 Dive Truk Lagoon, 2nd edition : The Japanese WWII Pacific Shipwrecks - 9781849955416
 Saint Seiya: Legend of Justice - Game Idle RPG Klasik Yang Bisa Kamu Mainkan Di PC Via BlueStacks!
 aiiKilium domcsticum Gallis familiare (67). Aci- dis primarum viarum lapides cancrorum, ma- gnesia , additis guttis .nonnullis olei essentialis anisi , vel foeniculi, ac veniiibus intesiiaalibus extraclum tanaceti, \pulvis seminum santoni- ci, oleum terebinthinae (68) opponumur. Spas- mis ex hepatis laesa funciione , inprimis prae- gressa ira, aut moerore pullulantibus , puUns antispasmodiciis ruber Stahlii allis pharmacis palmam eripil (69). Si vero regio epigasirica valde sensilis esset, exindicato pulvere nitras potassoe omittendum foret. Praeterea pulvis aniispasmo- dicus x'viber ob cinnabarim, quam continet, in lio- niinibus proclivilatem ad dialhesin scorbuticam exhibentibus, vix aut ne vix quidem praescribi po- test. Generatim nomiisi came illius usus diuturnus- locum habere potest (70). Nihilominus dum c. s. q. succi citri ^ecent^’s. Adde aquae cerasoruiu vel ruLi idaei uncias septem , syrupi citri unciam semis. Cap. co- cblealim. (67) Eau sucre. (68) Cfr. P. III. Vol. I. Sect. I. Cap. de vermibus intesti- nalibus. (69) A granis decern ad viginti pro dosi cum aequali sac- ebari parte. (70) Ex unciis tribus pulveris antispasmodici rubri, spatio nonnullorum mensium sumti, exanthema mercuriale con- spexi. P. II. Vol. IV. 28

== == ==

- [PROBLEM STATEMENT]
Please set down all the data word for word.

- [TASK OUTPUT]
 Dive Truk Lagoon, 2nd edition : The Japanese WWII Pacific Shipwrecks - 9781849955416
 Saint Seiya: Legend of Justice - Game Idle RPG Klasik Yang Bisa Kamu Mainkan Di PC Via BlueStacks!
 aiiKilium domcsticum Gallis familiare (67). Aci- dis primarum viarum lapides cancrorum, ma- gnesia , additis guttis .nonnullis olei essentialis anisi , vel foeniculi, ac veniiibus intesiiaalibus extraclum tanaceti, \pulvis seminum santoni- ci, oleum terebinthinae (68) opponumur. Spas- mis ex hepatis laesa funciione , inprimis prae- gressa ira, aut moerore pullulantibus , puUns antispasmodiciis ruber Stahlii allis pharmacis palmam eripil (69). Si vero regio epigasirica valde sensilis esset, exindicato pulvere nitras potassoe omittendum foret. Praeterea pulvis aniispasmo- dicus x'viber ob cinnabarim, quam continet, in lio- niinibus proclivilatem ad dialhesin scorbuticam exhibentibus, vix aut ne vix quidem praescribi po- test. Generatim nomiisi came illius usus diuturnus- locum habere potest (70). Nihilominus dum c. s. q. succi citri ^ecent^’s. Adde aquae cerasoruiu vel ruLi idaei uncias septem , syrupi citri unciam semis. Cap. co- cblealim. (67) Eau sucre. (68) Cfr. P. III. Vol. I. Sect. I. Cap. de vermibus intesti- nalibus. (69) A granis decern ad viginti pro dosi cum aequali sac- ebari parte. (70) Ex unciis tribus pulveris antispasmodici rubri, spatio nonnullorum mensium sumti, exanthema mercuriale con- spexi. P. II. Vol. IV. 28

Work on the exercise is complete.